### THE INPUT
=== Section Start ===

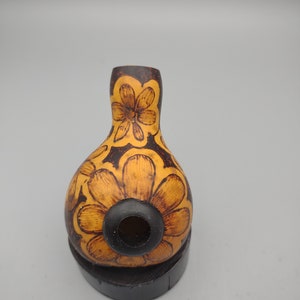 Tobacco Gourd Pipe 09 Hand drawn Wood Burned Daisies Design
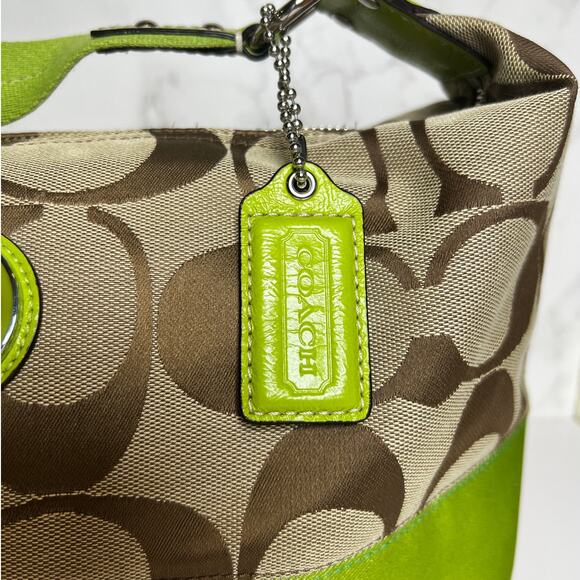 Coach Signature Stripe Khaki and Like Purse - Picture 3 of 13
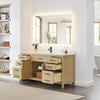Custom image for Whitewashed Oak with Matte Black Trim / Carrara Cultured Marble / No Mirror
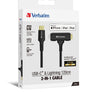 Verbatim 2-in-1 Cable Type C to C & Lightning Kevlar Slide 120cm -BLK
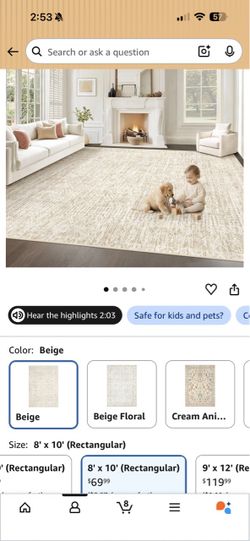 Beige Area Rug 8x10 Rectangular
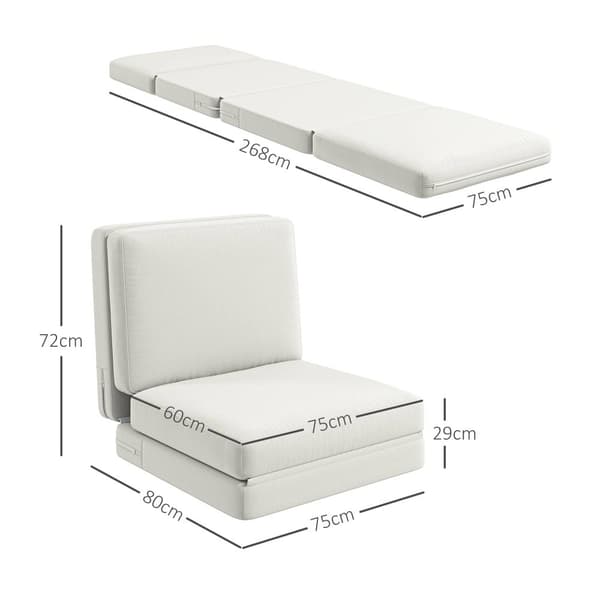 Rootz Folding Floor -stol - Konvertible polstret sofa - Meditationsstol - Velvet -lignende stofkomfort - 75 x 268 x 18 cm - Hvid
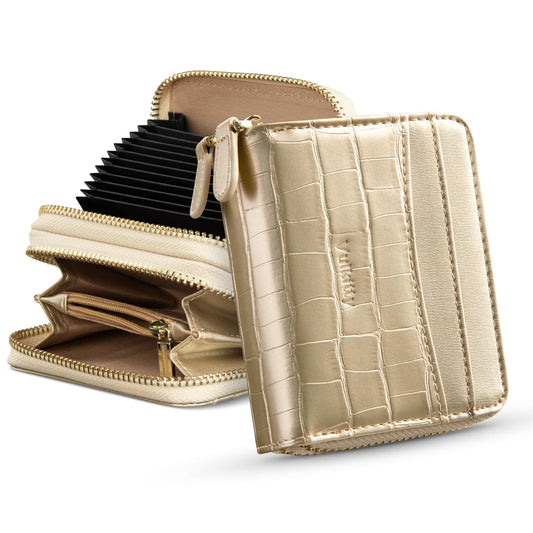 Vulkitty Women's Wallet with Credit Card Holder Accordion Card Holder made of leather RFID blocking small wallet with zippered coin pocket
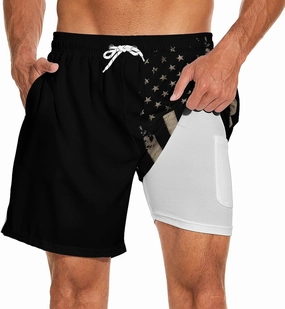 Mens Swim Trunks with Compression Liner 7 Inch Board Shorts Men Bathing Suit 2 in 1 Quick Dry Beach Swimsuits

=== Section End ===
=== Section Start ===

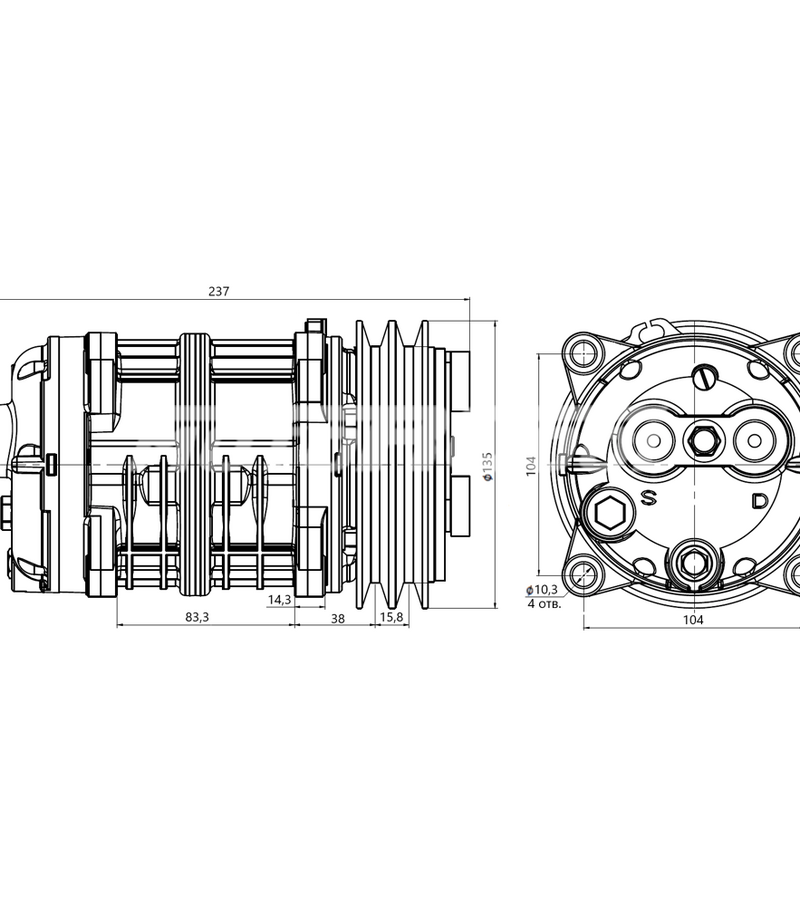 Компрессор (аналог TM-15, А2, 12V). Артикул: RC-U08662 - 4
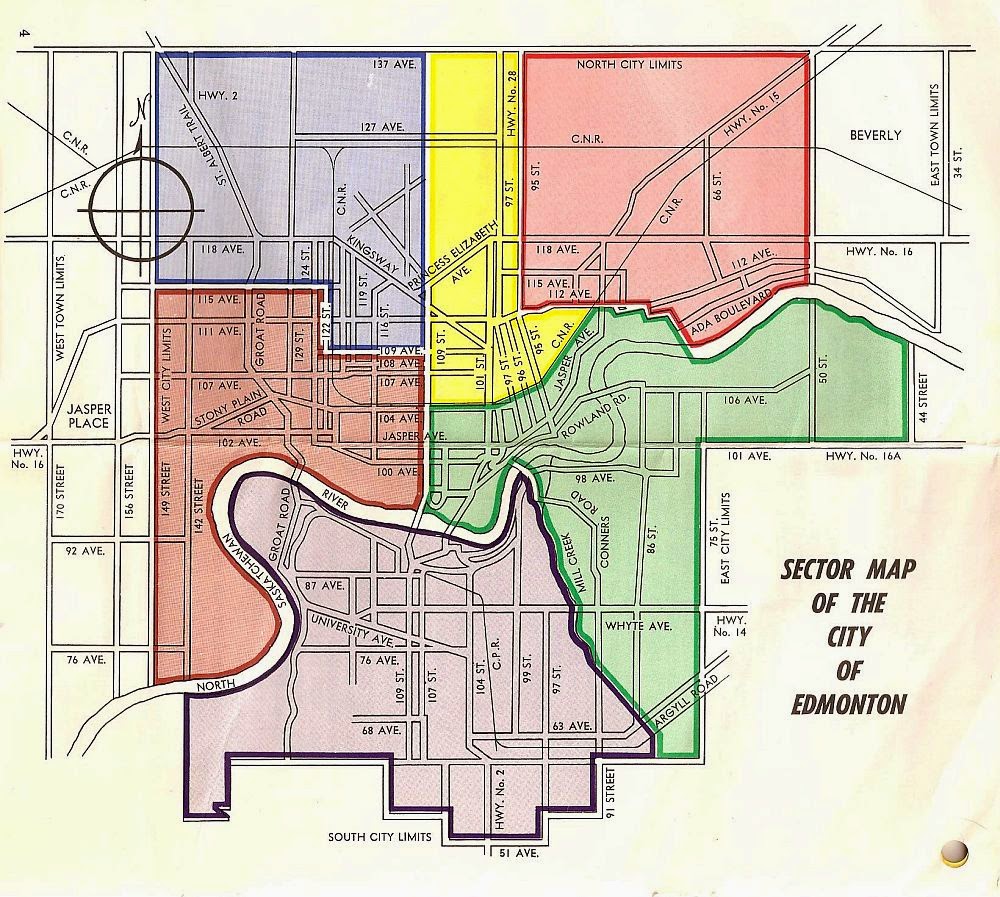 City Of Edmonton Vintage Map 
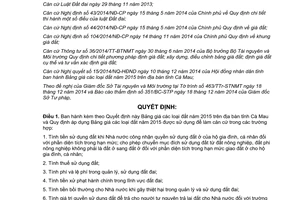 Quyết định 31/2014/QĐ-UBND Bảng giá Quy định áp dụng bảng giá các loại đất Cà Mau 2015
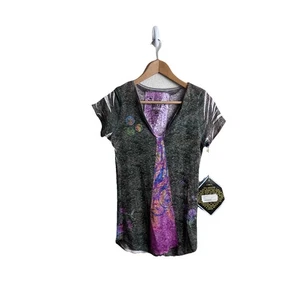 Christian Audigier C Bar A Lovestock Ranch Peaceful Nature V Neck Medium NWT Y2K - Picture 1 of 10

=== Section End ===
=== Section Start ===

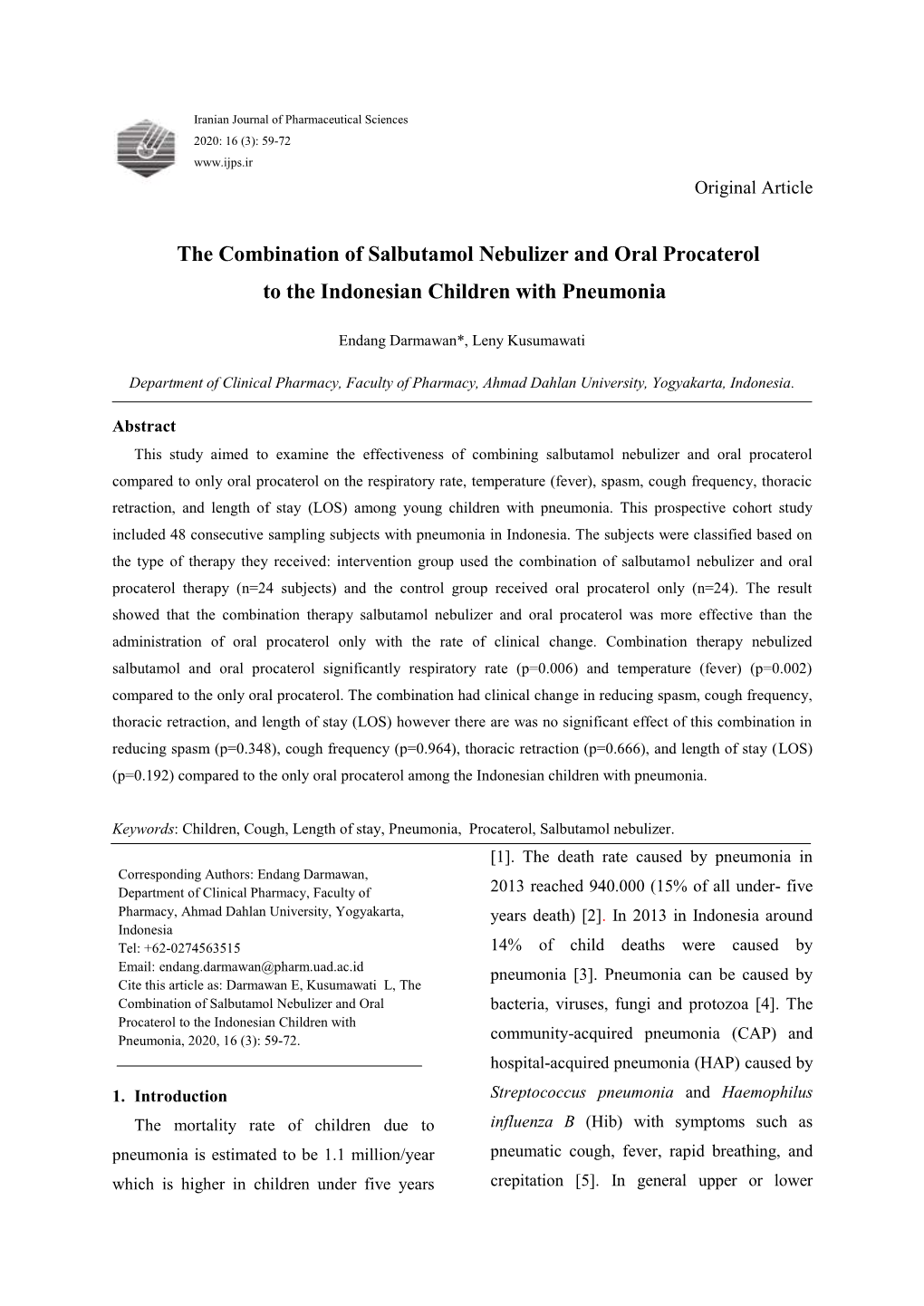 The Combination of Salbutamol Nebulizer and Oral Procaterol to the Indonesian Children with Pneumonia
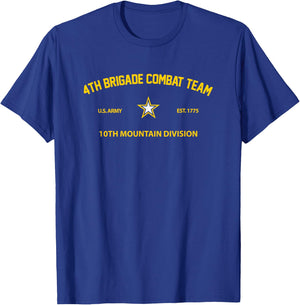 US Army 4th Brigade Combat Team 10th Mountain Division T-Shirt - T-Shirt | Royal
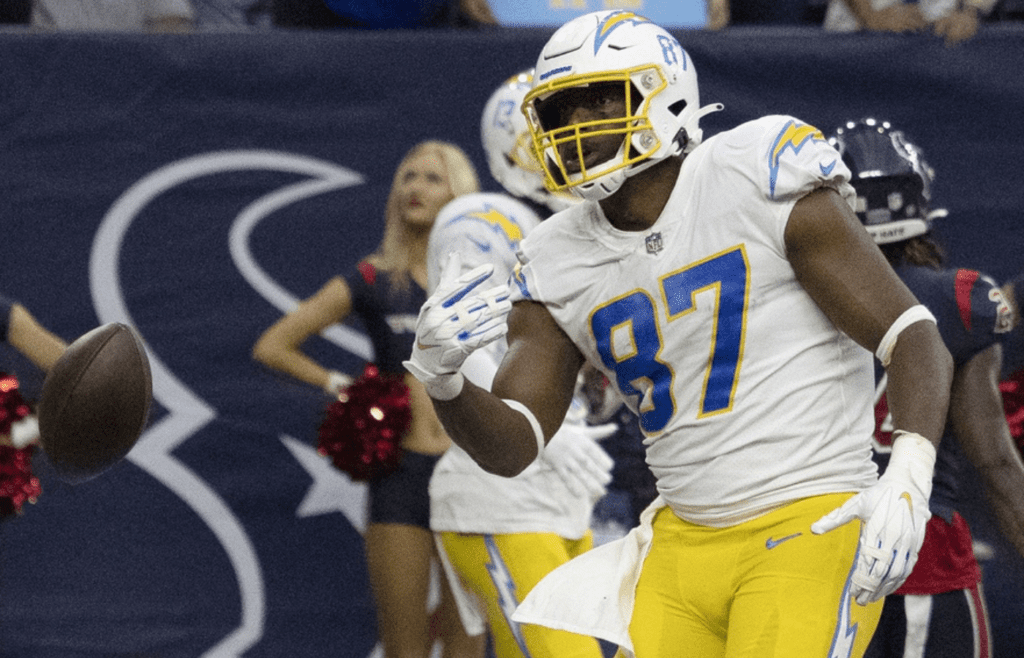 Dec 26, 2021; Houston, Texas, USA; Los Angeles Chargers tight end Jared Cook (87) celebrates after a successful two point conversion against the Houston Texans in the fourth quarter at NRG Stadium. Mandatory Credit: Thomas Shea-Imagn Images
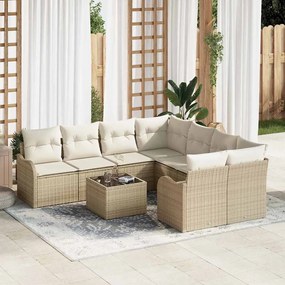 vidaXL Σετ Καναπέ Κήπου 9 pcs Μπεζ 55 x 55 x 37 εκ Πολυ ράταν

=== Section End ===

### TASK DIRECTIONS
Quote the lines above exactly, starting with the one that has "Custom image for" and ending with the one that has "Beige Area Rug 8x10 Rectangular"; drop the pictures and include nothing else.

### TASK SOLUTION
Custom image for Whitewashed Oak with Matte Black Trim / Carrara Cultured Marble / No Mirror
 Verbatim 2-in-1 Cable Type C to C & Lightning Kevlar Slide 120cm -BLK
 Beige Area Rug 8x10 Rectangular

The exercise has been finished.